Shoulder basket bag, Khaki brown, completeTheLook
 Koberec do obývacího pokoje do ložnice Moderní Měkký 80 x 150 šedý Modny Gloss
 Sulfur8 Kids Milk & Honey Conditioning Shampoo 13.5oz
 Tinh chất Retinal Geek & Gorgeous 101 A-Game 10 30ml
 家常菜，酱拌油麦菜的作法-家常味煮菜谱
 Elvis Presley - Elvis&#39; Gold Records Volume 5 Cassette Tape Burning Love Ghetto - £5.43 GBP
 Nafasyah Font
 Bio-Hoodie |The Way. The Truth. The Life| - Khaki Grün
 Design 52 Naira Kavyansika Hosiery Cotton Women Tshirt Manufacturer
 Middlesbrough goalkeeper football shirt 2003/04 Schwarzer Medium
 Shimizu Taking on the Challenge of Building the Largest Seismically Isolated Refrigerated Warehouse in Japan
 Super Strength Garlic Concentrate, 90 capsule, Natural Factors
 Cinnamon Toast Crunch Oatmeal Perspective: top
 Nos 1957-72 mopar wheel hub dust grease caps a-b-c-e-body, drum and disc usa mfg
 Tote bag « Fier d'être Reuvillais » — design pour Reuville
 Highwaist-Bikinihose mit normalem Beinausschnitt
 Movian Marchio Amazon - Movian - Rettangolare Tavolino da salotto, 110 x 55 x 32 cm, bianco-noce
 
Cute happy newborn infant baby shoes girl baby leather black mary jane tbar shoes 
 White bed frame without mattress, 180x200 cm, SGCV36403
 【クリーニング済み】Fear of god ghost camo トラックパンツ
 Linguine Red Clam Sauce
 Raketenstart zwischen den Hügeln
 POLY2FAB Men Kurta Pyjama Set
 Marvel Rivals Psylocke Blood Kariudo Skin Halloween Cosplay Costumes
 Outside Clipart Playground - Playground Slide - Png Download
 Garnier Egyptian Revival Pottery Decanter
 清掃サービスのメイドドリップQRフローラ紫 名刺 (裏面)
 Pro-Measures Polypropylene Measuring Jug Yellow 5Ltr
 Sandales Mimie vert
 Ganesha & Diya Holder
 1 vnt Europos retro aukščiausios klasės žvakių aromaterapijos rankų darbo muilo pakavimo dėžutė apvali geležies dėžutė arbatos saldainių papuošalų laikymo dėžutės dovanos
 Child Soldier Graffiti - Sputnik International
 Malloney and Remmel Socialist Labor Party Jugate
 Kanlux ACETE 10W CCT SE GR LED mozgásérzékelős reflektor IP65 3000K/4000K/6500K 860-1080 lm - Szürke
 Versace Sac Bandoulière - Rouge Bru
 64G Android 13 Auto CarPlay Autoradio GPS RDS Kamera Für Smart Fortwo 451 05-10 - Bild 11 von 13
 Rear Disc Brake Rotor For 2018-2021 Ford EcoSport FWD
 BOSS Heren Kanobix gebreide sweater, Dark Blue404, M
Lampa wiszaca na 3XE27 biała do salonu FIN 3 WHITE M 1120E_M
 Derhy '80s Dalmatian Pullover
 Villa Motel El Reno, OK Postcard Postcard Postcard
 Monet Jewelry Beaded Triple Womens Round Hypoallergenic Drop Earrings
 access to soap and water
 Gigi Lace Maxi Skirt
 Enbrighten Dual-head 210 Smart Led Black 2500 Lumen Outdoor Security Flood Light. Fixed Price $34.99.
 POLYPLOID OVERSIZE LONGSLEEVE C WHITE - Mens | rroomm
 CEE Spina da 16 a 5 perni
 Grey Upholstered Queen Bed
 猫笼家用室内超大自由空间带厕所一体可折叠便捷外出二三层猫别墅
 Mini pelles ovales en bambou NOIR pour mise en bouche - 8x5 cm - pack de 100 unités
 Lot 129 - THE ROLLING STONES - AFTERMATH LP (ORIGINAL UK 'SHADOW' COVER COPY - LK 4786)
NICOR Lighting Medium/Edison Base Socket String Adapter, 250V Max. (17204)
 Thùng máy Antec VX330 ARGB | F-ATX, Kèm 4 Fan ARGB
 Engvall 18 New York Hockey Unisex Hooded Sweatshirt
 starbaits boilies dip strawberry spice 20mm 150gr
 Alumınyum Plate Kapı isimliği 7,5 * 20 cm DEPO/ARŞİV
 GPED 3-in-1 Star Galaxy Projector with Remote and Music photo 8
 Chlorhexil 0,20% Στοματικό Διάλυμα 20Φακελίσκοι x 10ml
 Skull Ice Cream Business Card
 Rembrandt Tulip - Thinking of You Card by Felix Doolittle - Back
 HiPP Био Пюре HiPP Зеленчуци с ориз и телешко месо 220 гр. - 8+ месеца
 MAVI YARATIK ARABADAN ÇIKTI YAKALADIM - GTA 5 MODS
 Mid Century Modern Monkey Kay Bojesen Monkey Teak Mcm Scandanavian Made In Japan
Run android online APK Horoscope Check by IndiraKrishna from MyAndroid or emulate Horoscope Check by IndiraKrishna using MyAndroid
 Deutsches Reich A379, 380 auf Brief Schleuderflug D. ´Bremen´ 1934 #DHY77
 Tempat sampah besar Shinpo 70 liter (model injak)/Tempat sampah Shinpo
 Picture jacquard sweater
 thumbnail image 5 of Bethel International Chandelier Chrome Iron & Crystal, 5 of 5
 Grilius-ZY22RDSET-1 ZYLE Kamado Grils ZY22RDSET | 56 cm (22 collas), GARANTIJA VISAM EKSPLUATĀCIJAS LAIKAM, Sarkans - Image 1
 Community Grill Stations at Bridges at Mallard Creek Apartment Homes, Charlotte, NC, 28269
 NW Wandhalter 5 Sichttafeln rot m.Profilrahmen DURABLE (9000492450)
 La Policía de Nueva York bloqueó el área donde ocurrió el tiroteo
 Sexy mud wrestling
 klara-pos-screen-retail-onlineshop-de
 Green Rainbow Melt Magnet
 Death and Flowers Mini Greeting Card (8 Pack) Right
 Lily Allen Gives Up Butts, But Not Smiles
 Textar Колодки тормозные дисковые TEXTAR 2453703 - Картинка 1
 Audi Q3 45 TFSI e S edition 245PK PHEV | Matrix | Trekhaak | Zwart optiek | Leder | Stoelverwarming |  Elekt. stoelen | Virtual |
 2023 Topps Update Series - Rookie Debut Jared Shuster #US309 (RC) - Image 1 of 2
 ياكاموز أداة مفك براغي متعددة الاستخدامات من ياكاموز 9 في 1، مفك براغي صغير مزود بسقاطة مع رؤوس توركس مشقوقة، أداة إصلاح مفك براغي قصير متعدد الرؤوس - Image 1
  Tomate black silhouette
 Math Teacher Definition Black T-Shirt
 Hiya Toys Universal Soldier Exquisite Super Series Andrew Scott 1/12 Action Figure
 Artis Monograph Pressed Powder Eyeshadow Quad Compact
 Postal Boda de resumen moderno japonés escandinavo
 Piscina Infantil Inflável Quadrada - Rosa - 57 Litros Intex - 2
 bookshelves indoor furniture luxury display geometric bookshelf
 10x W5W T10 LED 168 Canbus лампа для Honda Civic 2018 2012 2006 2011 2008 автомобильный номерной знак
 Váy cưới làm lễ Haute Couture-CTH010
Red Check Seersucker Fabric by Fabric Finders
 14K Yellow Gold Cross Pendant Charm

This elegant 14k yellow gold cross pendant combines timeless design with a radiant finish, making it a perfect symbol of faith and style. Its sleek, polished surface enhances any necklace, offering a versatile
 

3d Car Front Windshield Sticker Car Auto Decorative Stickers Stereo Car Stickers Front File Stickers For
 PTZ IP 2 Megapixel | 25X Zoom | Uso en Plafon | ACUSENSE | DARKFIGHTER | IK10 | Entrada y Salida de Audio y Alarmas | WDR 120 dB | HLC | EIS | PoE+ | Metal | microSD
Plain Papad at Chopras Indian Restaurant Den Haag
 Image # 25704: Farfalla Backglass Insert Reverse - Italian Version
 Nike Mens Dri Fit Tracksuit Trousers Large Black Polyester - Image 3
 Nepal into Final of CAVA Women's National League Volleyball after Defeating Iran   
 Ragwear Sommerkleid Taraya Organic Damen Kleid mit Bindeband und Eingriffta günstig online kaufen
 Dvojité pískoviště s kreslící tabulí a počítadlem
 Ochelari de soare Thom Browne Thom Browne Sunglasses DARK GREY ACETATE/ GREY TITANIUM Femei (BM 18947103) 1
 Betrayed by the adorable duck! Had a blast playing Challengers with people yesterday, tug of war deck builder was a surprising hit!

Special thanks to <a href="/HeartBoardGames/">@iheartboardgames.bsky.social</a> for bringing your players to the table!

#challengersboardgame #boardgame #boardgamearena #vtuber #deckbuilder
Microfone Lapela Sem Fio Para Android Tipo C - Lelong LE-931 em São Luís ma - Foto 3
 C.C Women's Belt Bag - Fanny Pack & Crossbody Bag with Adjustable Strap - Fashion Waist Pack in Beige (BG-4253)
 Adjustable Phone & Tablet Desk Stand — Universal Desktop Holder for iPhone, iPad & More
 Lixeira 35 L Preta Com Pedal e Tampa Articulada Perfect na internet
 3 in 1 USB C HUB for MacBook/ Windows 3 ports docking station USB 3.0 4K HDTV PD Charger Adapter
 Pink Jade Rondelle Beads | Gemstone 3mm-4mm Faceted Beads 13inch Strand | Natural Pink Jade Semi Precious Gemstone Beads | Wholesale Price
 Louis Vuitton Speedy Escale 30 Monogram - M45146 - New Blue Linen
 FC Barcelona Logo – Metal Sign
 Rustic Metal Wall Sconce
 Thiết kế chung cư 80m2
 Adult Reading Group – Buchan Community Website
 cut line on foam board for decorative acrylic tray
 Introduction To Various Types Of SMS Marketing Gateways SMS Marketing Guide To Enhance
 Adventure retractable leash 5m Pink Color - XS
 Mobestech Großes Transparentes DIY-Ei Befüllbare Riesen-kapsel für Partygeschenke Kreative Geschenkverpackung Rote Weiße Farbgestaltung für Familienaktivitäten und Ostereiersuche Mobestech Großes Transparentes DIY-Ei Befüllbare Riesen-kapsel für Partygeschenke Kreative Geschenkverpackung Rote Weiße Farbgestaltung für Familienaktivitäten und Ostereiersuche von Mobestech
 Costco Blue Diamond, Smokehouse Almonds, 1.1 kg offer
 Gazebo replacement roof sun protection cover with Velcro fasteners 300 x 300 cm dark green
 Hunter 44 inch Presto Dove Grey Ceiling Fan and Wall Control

> [Task statement]
In the entries above, find the line with "Audi Q3 45 TFSI" and the line with "Tomate black silhouette", then restate word for word both of them and every line between, with nothing more.

> [Problem solution]
 Audi Q3 45 TFSI e S edition 245PK PHEV | Matrix | Trekhaak | Zwart optiek | Leder | Stoelverwarming |  Elekt. stoelen | Virtual |
 2023 Topps Update Series - Rookie Debut Jared Shuster #US309 (RC) - Image 1 of 2
 ياكاموز أداة مفك براغي متعددة الاستخدامات من ياكاموز 9 في 1، مفك براغي صغير مزود بسقاطة مع رؤوس توركس مشقوقة، أداة إصلاح مفك براغي قصير متعدد الرؤوس - Image 1
  Tomate black silhouette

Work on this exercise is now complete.